Tips for Organizing at Your School

  • Feel alone at your school? See if you can find one or two other families who share your opposition to the tests and support each other. Test refusal begins at most schools with only one or two students refusing the tests but that number can grow with a little patience and persistence.

  • Organize among the friendly first. Hold a small meeting for friends or acquaintances to learn more. (If you can’t arrange something at school it can be in someone’s apartment, a library, a bar, or coffee shop — no need for a big production!) Contact us if you need someone to speak.

  • If you are an elementary school parent, start talking about the issue on playgrounds or at pickup/dropoff. All school communities are different, so try to identify the main concerns with opt out at your school. At first, you might want to just listen and note their concerns. If you are later able to hold a testing forum at your school, these concerns will be import to identify and address.

  • Figure out: What’s the best way to communicate with others at your school? Playground conversations? Do you have class liaisons you can go through? Parent email lists? Are your PTA officers or SLT (School Leadership Team) members supportive or is it better to work around them? Do you know any teachers or administrators who would be supportive?
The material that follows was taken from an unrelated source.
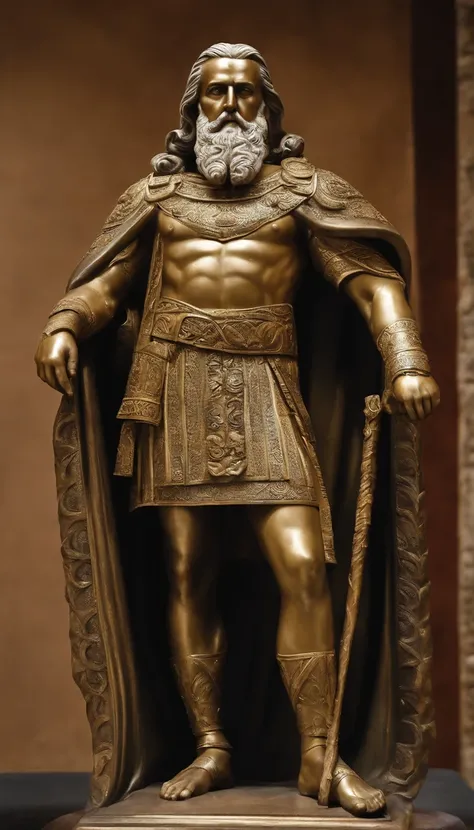 Full body statue of a wise and imposing man, de 40 anos, magro, barbudo e com cabelos grisalhos, with a serious expression and an air of experience. highes definition. Inspiration of the ancient Roman soldier, dentro de uma sala com fundo escuro total.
  • Start as early as possible. Many parents we’ve heard from say they would have opted out but didn’t learn about it in time.

  • Be mindful and open: there are many reasons parents choose to opt out. For some, it will be about their own child’s experience with high-stakes testing. For others, it will be connected to concerns about school closures, privatization, charter schools, racial and economic equity, how and what our children are taught, or standardized testing in general.
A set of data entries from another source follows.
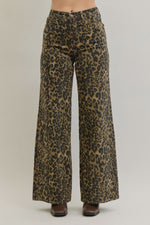 Judy Blue High Waist Retro Wide Leg Leopard Print
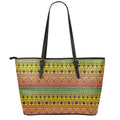 Rasta Tribal Pattern Print Leather Tote Bag With Zipper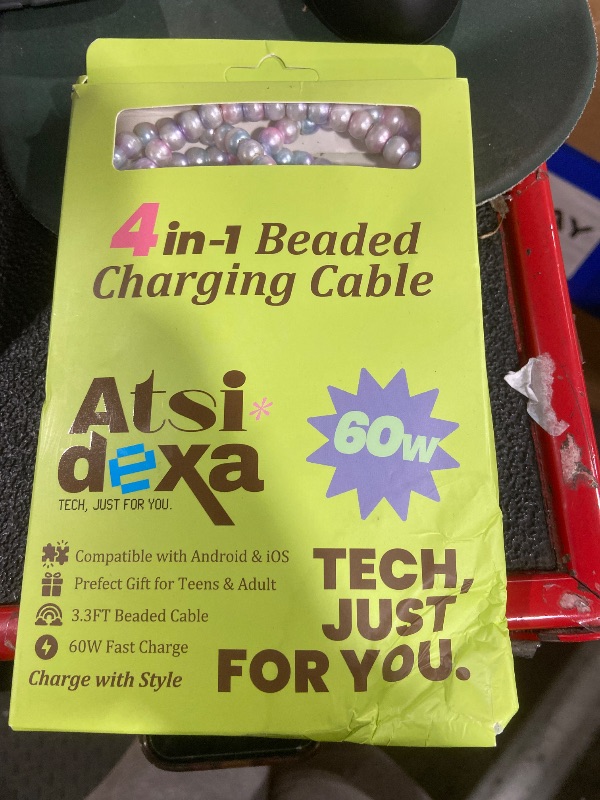 View 2 of Atsidexa 4-in-1 Beaded USB-C Charging Cable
  • Focus on your goal: educating parents about the power of opt out to improve public education. We have tried letter writing, petitions, face-to-face meetings but opt out has been the most effective tool for applying pressure to education policy makers and getting media attention to these issues.

  • Emphasize the main problems with high-stakes testing: These tests are a “bad scale,” promoted by politicians and business leaders, with little input from teachers and principals. (Most educators who support testing are doing so because their supervisors pressure them to.) They disproportionately harm schools serving English Language Learners, students with disabilities, and high-need populations.

  • Among the biggest factors preventing parents from opting out in New York City is the mistaken perception that lack of test scores will negatively affect middle and high school admissions. Share our middle and high school admissions surveys with fellow parents. If schools in your district are not on the survey, call them to find out their admissions policies for students without test scores (and then contact us so we can add them to the survey). By law, every school should have a workaround for students who refuse the tests.

  • Tread carefully when talking about test anxiety. Focusing too much on the anxiety tests can create feeds a stereotype of opt out as a movement driven by overprotective parents who coddle their children and prevent them from facing unpleasant challenges. When the issue comes up, by all means give voice to parents’ concerns for their children. But the bottom line is we boycott the tests not because they are too hard or make some children cry, but because they are wrong.